This document records the key findings from running the py-launch-lab scenario matrix on Windows, including anomalies discovered, root causes identified, and upstream issues referenced.


Summary

Out of 20 scenarios tested, 3 consistently produce anomalies — all related to the same upstream bug in uv where venv pythonw.exe is created as a CUI (console) binary instead of a GUI binary.

Scenario Anomaly Root Cause
venv-gui-entrypoint Console Window: expected No, got Yes uv venv pythonw.exe is CUI
venv-dual-gui-entrypoint Console Window: expected No, got Yes uv venv pythonw.exe is CUI
venv-pythonw-script-py PE Subsystem: expected GUI, got CUI uv venv pythonw.exe is CUI

The uv pythonw.exe Problem (uv#9781)

uv venv creates CUI pythonw.exe

Upstream Issue: astral-sh/uv#9781 Investigation: joelvaneenwyk/uv#1 Fix PR (in progress): joelvaneenwyk/uv#2

When uv venv creates a virtual environment, it does not copy the real GUI-subsystem pythonw.exe. Instead, it generates a CUI trampoline — a small console-subsystem executable that internally launches the base interpreter.

Expected vs Actual

venv Tool pythonw.exe PE Subsystem Console Window?
python -m venv GUI No
uv venv CUI (trampoline) Yes

Downstream Effects

This single bug causes cascading issues:

  1. pythonw.exe scripts flash a terminal. Running venv/Scripts/pythonw.exe hello.py opens a console window that immediately closes — visible as a "terminal flash" on the desktop.

  2. GUI entry-point wrappers also flash a terminal. pip/uv-generated GUI wrappers (e.g. lab-window-gui.exe) invoke pythonw.exe internally. Because the child pythonw.exe is CUI, Windows allocates a console for the child process even though the wrapper itself is GUI.

  3. The "no console" promise of [project.gui-scripts] is broken. Packages that define [project.gui-scripts] in pyproject.toml expect their entry-points to launch silently. In a uv venv, they don't.

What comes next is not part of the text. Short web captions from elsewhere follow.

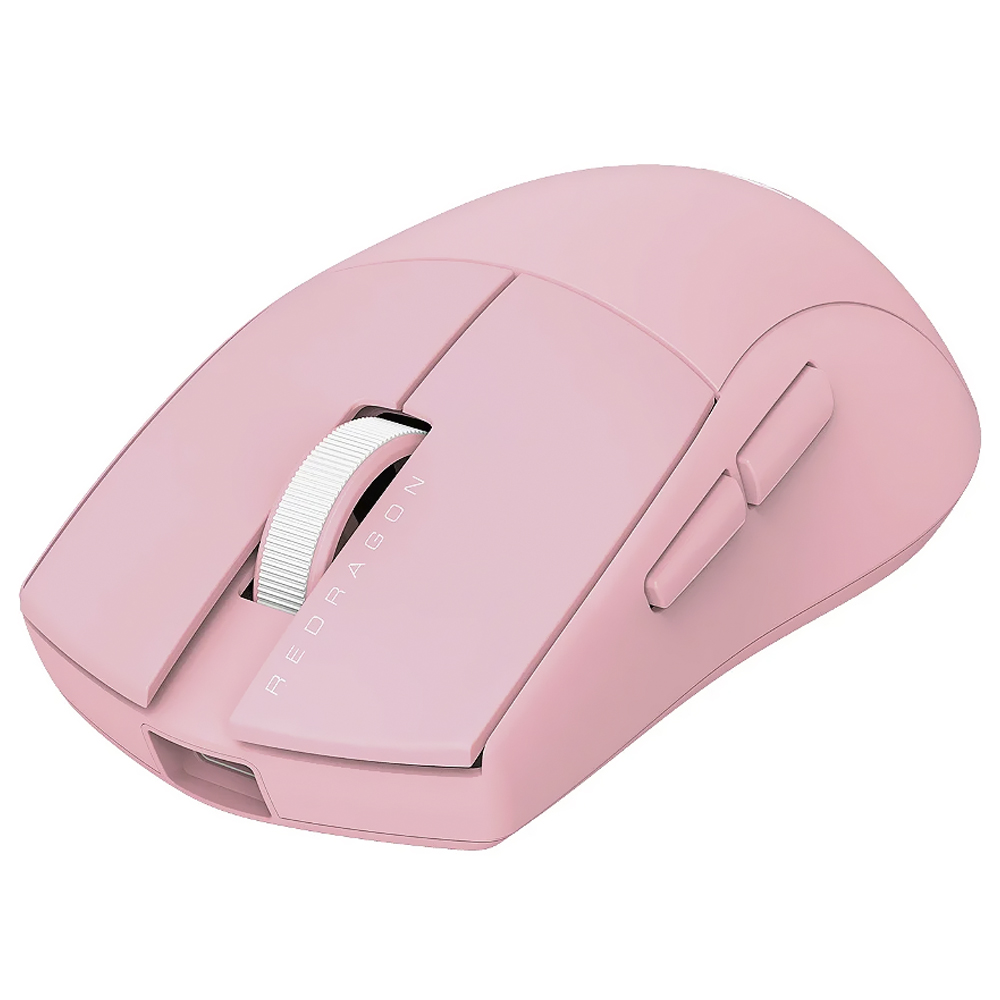 Mouse Gamer Redragon M916P-PRO-1K K1NG Pro Wireless - Rosa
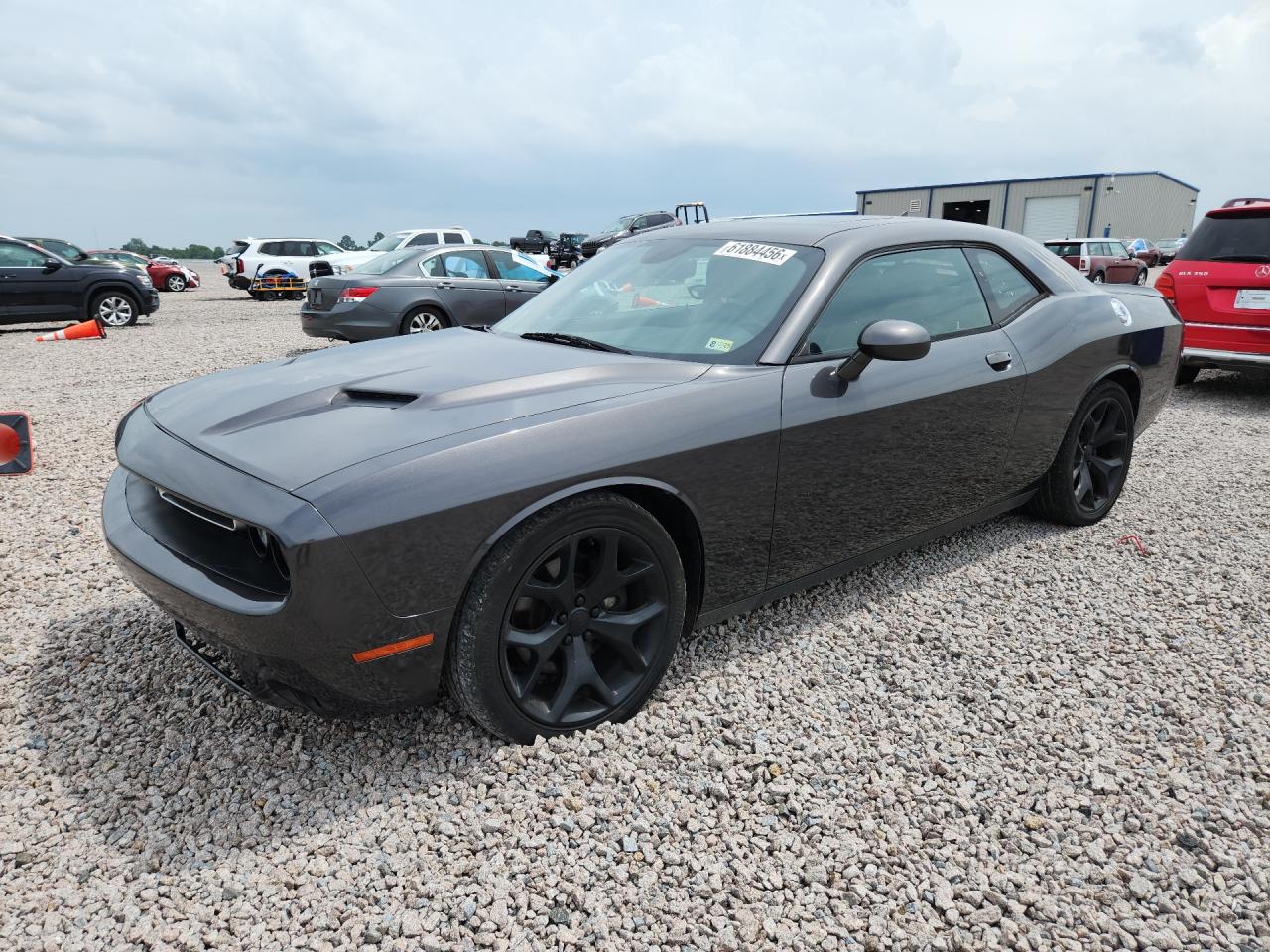 2015 DODGE CHALLENGER SXT
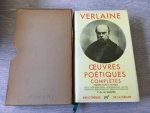 Verlaine - OEUVRES POETIQUES COMPLETES - TEXTE ETABLI ET ANNOTE' PAR Y. - G. LE DANTEC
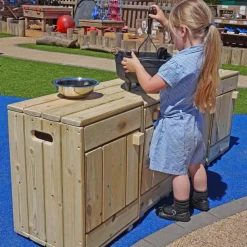 TTS Outdoor Wooden Role Play Kitchen Best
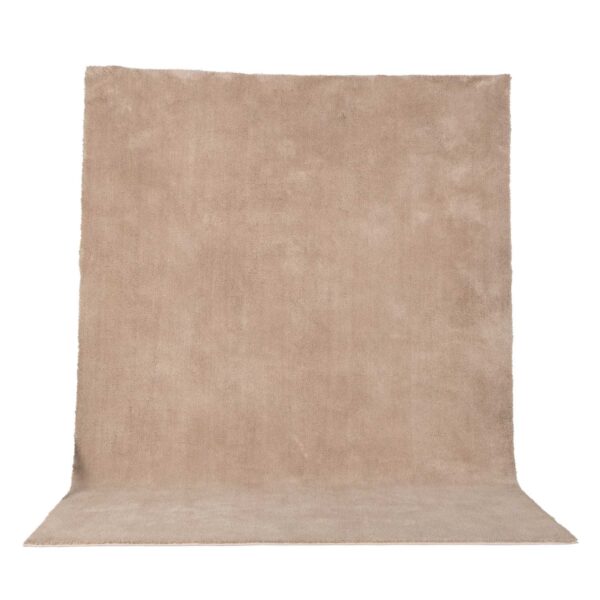 VENTURE DESIGN Undra gulvtæppe - beige polyester og bomuld (250x350)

How py-launch-lab Detects This

The runner uses _detect_child_python_subsystem() to inspect the PE subsystem of the interpreter that a venv wrapper will invoke:

def _detect_child_python_subsystem(exe: str) -> str | None:
    # Check if the exe is a venv wrapper (has sibling python.exe)
    # GUI wrappers → check pythonw.exe PE subsystem
    # CUI wrappers → check python.exe PE subsystem
    ...

When a GUI wrapper's child interpreter is CUI, the runner overrides console_window = True regardless of what direct detection reported, because the console allocation is deterministic (it always happens).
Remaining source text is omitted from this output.